All entries are to be transcribed exactly. Pictures are not part of the copy.

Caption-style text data
******************************

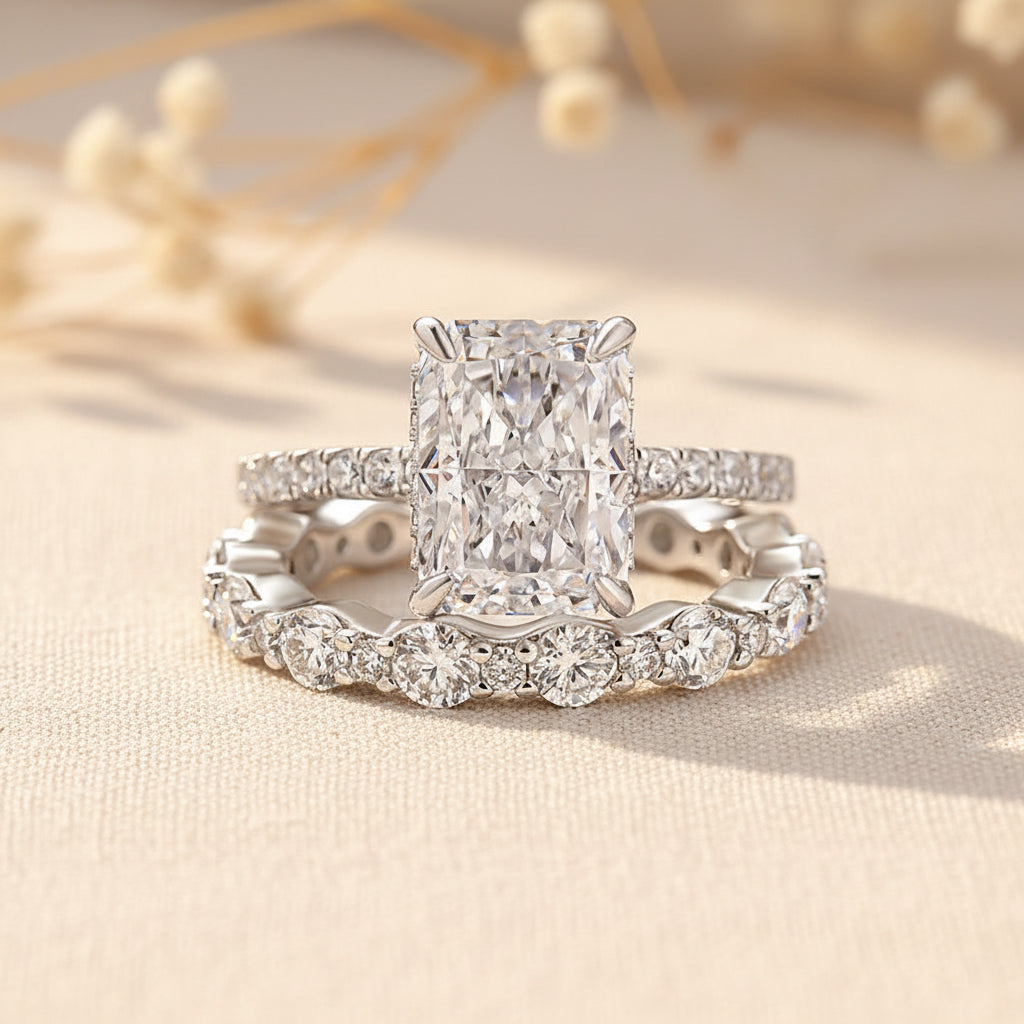 Aurevyn 3.5Ct Radiant Cut Engagement Ring With Round Cut Wedding Band Wedding Ring Set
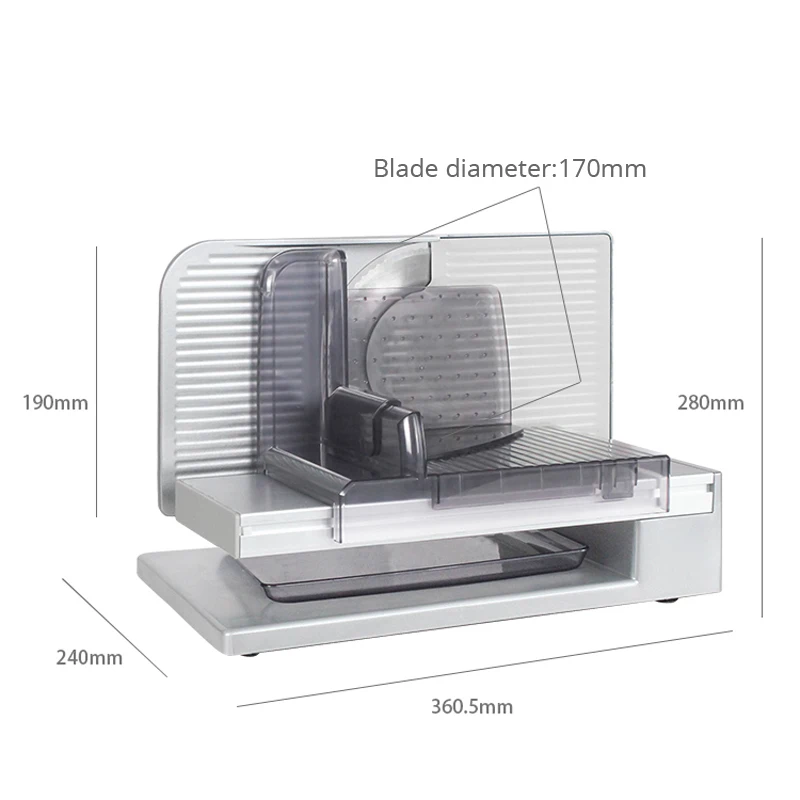 

220V Electric Meat Slicer Cutting Machine Semi Automatic Meat Slicer Cutter for Bread Lamb Beef Fruit Ham Toast Vegetable 150W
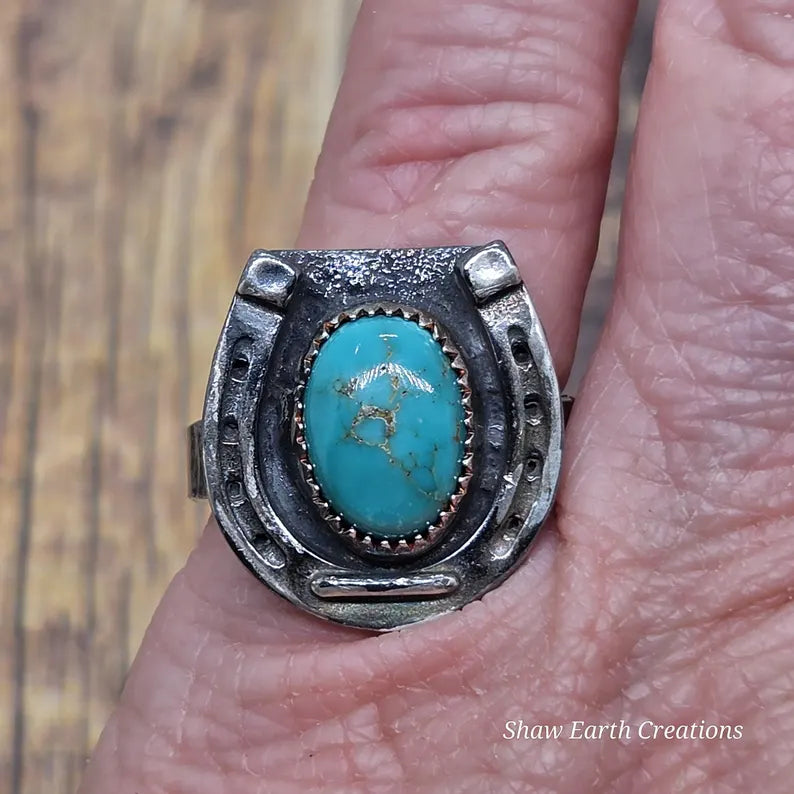 Genuine Handcut Royston Turquoise Ring, Handmade Sterling Silver Horseshoe Ring, Western Statement Jewelry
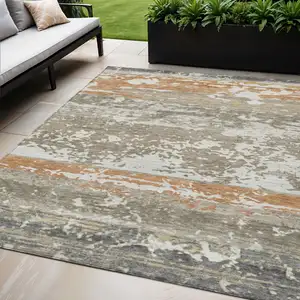 Photo of Taupe Copper And Ivory Striped Washable Indoor Outdoor Area Rug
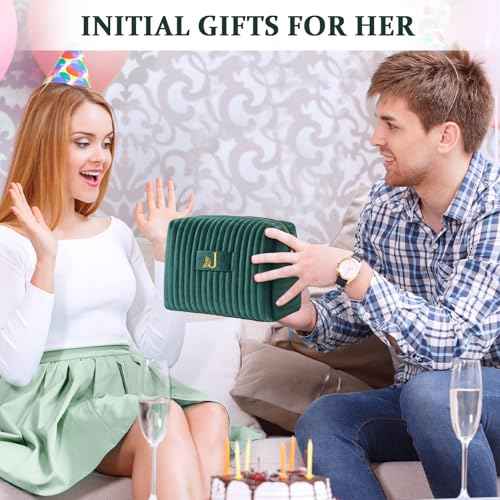 COSHAYSOO Personalized Fall Gifts for Women 30th 40th Birthday Unique New Mom Mother Wife Girlfriend Gift Ideas, Initial Quilted Makeup Bags Travel Green Cosmetic Velvet Skin Care Pouch Letter M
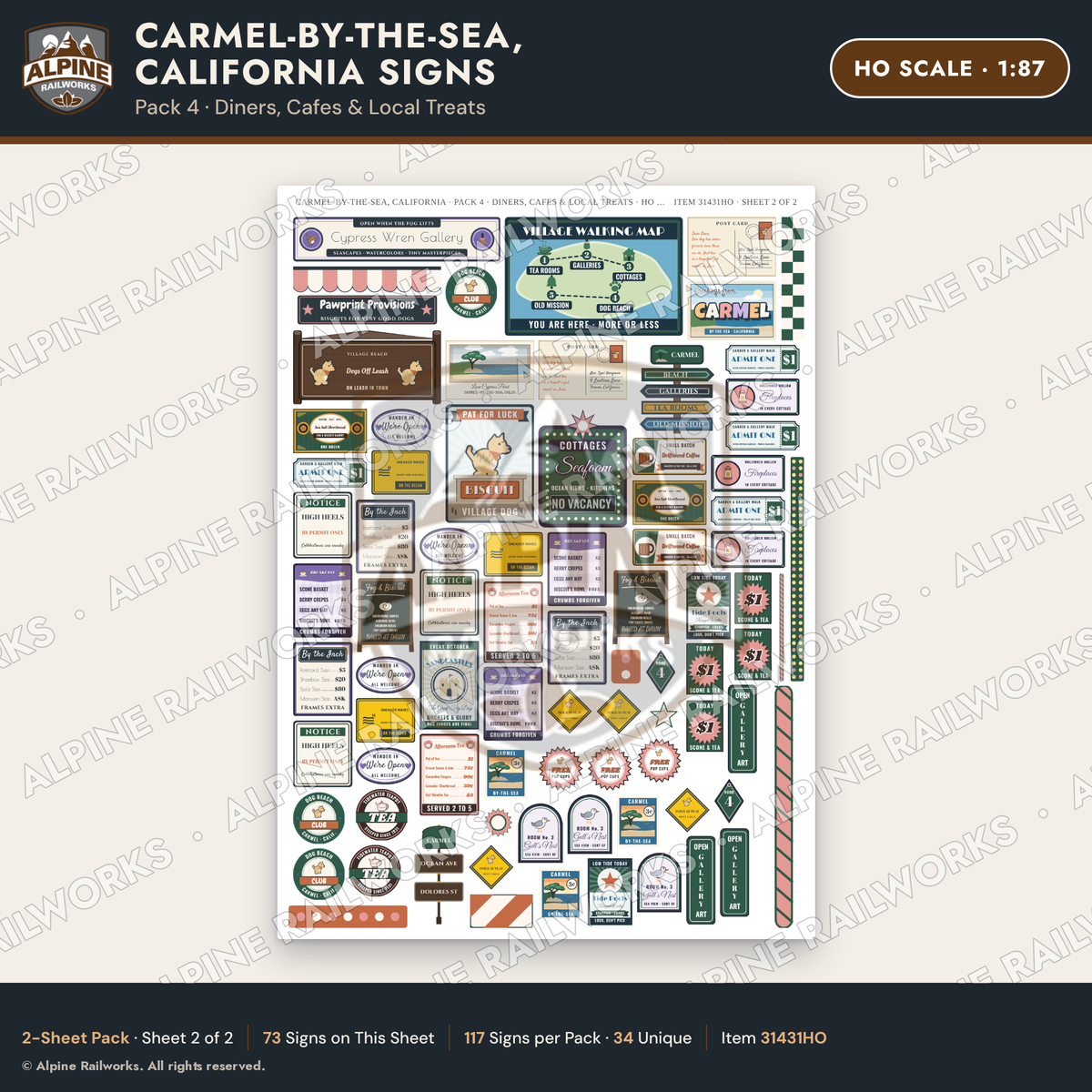 Alpine Railworks 31431HO HO Scale Carmel CA Signs - Diners & Cafes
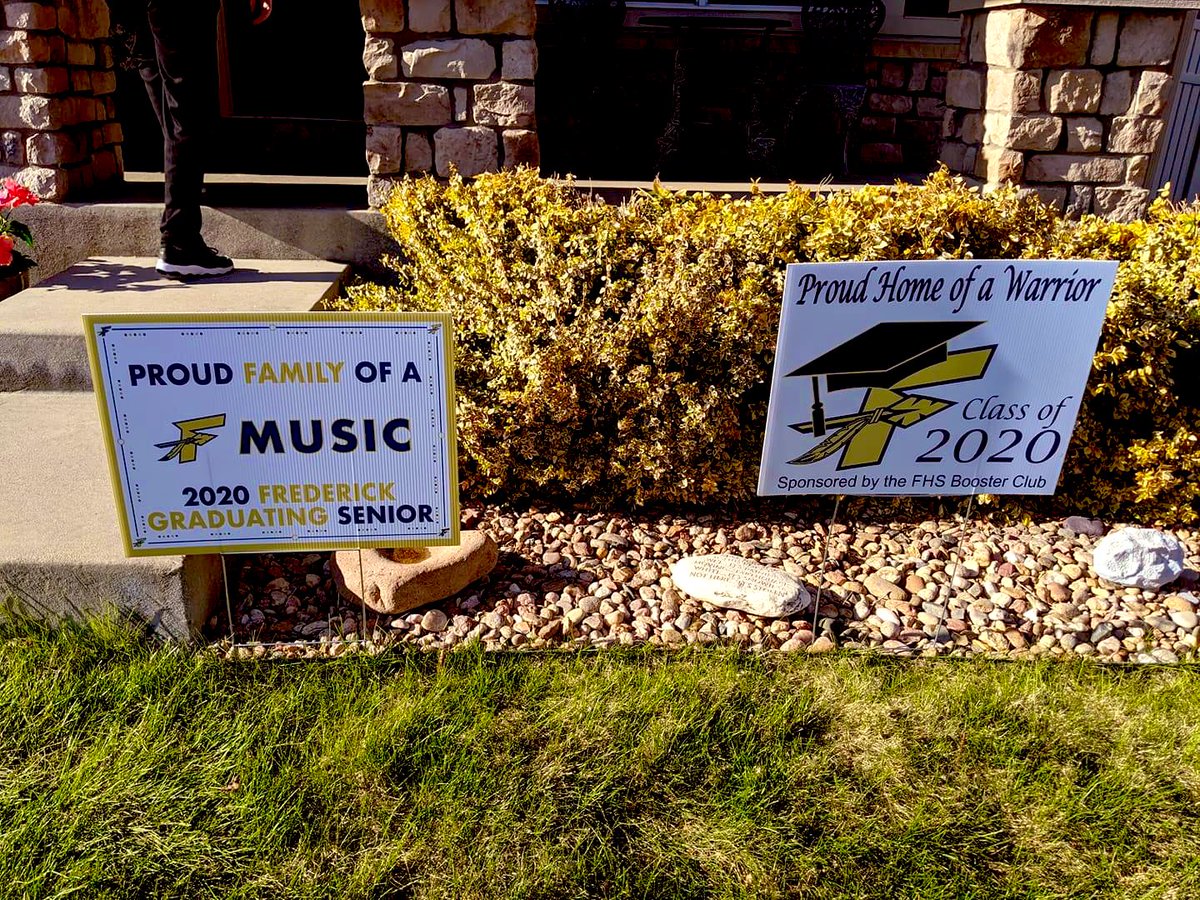The #FHS #music department wanted to do something extra special for our seniors, so my brilliant colleagues came up w/ the idea to create lawn signs! I designed, they delivered, and together we celebrated our seniors from a safe distance 🥳 #StVrainStorm #musicmatters #musiced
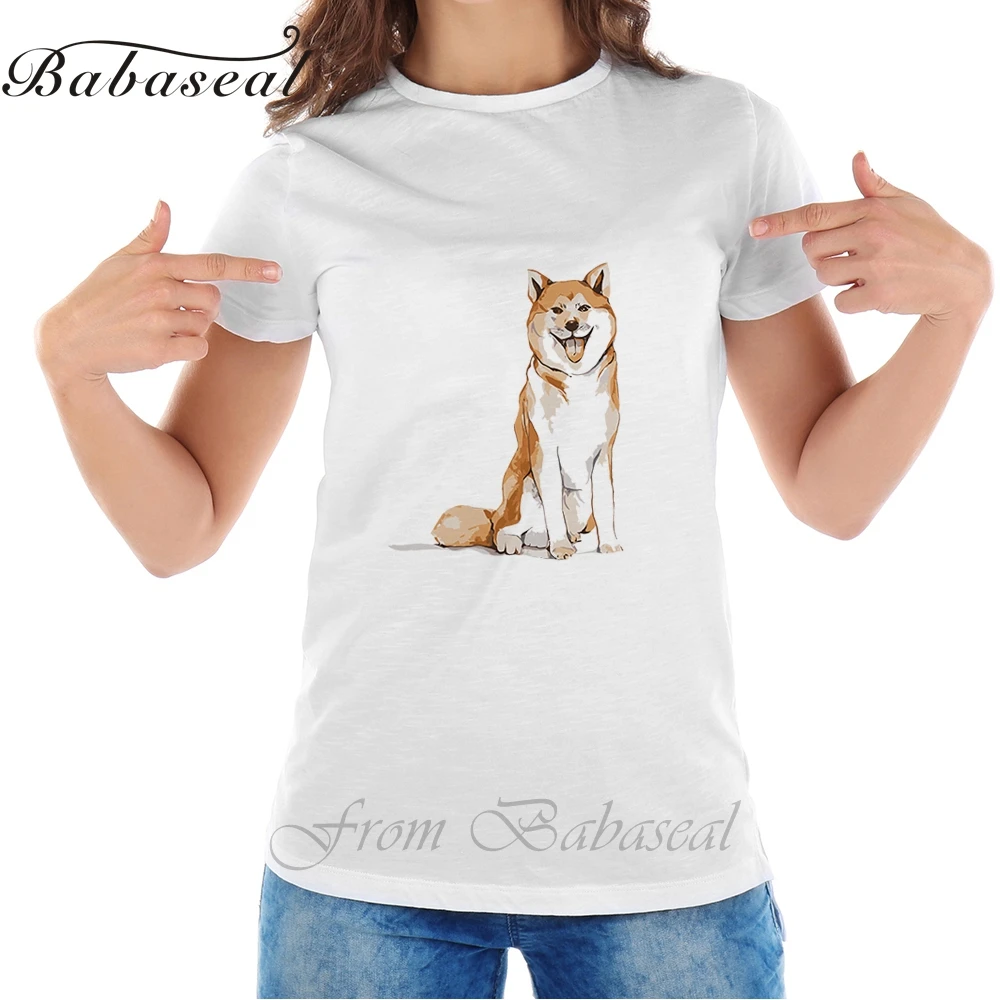 Babaseal модный принт Винтаж собака породы Акита футболка в Корейском стиле с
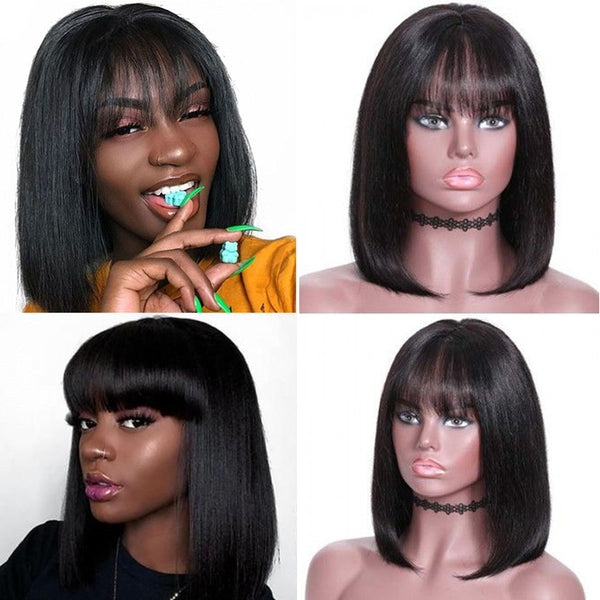 Sunber Short Bob 13x4 Lace Front Wigs Human Hair Wig Silky Straight with Bangs For Women
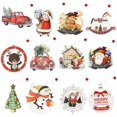 thumbnail image 2 of 12 Pack Christmas Wooden Ornaments Set, Christmas Theme Wood Hanging Crafts Decoration with Rope, Wood Slices Xmas Hanging Ornament Pendant Holiday Decoration for Christmas Tree Party Decor, 2 of 2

******************************

▶ TASK OUTPUT
 Aurevyn 3.5Ct Radiant Cut Engagement Ring With Round Cut Wedding Band Wedding Ring Set

220V Electric Meat Slicer Cutting Machine Semi Automatic Meat Slicer Cutter for Bread Lamb Beef Fruit Ham Toast Vegetable 150W
 Genuine Handcut Royston Turquoise Ring, Handmade Sterling Silver Horseshoe Ring, Western Statement Jewelry
 Photo of Taupe Copper And Ivory Striped Washable Indoor Outdoor Area Rug
 COSHAYSOO Personalized Fall Gifts for Women 30th 40th Birthday Unique New Mom Mother Wife Girlfriend Gift Ideas, Initial Quilted Makeup Bags Travel Green Cosmetic Velvet Skin Care Pouch Letter M
 Alpine Railworks 31431HO HO Scale Carmel CA Signs - Diners & Cafes
The #FHS #music department wanted to do something extra special for our seniors, so my brilliant colleagues came up w/ the idea to create lawn signs! I designed, they delivered, and together we celebrated our seniors from a safe distance 🥳 #StVrainStorm #musicmatters #musiced
 Babaseal модный принт Винтаж собака породы Акита футболка в Корейском стиле с
 Sunber Short Bob 13x4 Lace Front Wigs Human Hair Wig Silky Straight with Bangs For Women
 thumbnail image 2 of 12 Pack Christmas Wooden Ornaments Set, Christmas Theme Wood Hanging Crafts Decoration with Rope, Wood Slices Xmas Hanging Ornament Pendant Holiday Decoration for Christmas Tree Party Decor, 2 of 2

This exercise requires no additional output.